The widow of a Holocaust hero has offered to educate Angus youngsters on the real-life horrors of the gas chambers.
Caroline Monro, whose husband Joseph died aged 89 in 2013, was left sickened when vandals scratched Nazi graffiti into the stonework of Brechin Cathedral.
She said the recent attacks were an insult to her late husband’s memory and now she wants to give youngsters history lessons on his behalf to turn the outrage and disbelief into some momentum for change.
Angus Council said anti-racism should be embedded in the curriculum and it would welcome a discussion with Mrs Monro.
She said: “I’m 23 years younger than Joe so I’m privileged to be able to carry on his legacy and tell the stories of what he went through.
“Something has to be done. The Easter holidays are approaching so we will have to hammer home what’s right and what’s wrong.
“I would be happy to come and give a talk about Joe’s service to his country and I’m sure his story would hit home.
“Education is the way to teach young people about the horrors of war.”

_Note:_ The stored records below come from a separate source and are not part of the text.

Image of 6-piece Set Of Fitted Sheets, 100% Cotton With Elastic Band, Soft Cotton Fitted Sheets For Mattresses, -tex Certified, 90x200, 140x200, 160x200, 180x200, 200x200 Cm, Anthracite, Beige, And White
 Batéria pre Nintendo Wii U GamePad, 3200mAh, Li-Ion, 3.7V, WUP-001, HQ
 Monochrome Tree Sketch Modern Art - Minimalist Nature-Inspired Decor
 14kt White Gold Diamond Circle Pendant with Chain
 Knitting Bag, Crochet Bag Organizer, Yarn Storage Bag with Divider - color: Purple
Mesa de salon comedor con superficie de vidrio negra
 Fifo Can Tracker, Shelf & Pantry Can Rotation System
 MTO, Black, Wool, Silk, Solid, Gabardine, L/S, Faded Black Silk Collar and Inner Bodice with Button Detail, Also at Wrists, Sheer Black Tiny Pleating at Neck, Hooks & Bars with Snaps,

Brechin-born Mr Monro – who was also a Normandy D-Day Landings hero – was part of a special forces unit which went behind enemy lines to rescue 253 Jews from a concentration camp in Nazi Germany during the Holocaust.
He received a medal from the government of Israel for his heroism – one of 13 he was given for his wartime heroics in the fight against Hitler.
He received the Queen’s Silver Jubilee Medal in 1977 for bravery and the Queen’s Diamond Jubilee Medal in 2013.
He was also honoured by the French government and the French armed forces for his heroics while carrying out special operations their country during the Second World War.
Brechin Cathedral was targeted twice in 48 hours at the end of February when a hate-filled, anti-religious message was scratched on the walls in the wake of a previous day’s swastika attack.
Church elder Archie Milne said: “I hope Mrs Monro gets encouragement from the schools regarding this.”
A spokesman for Angus Council said: “Our schools provide a broad range of learning opportunities to address anti-racism and engage with our children and young people
“Through a variety of contexts they explore anti-bullying, human rights, tolerance, respect and diversity.”
He added: “We would welcome a discussion with Mrs Monro.”
Recent data revealed Angus anti-social behaviour complaints were at their highest ever level. Area police commander Chief Inspector David McIntosh has said moves are under way to bring agencies together to tackle the issue head-on.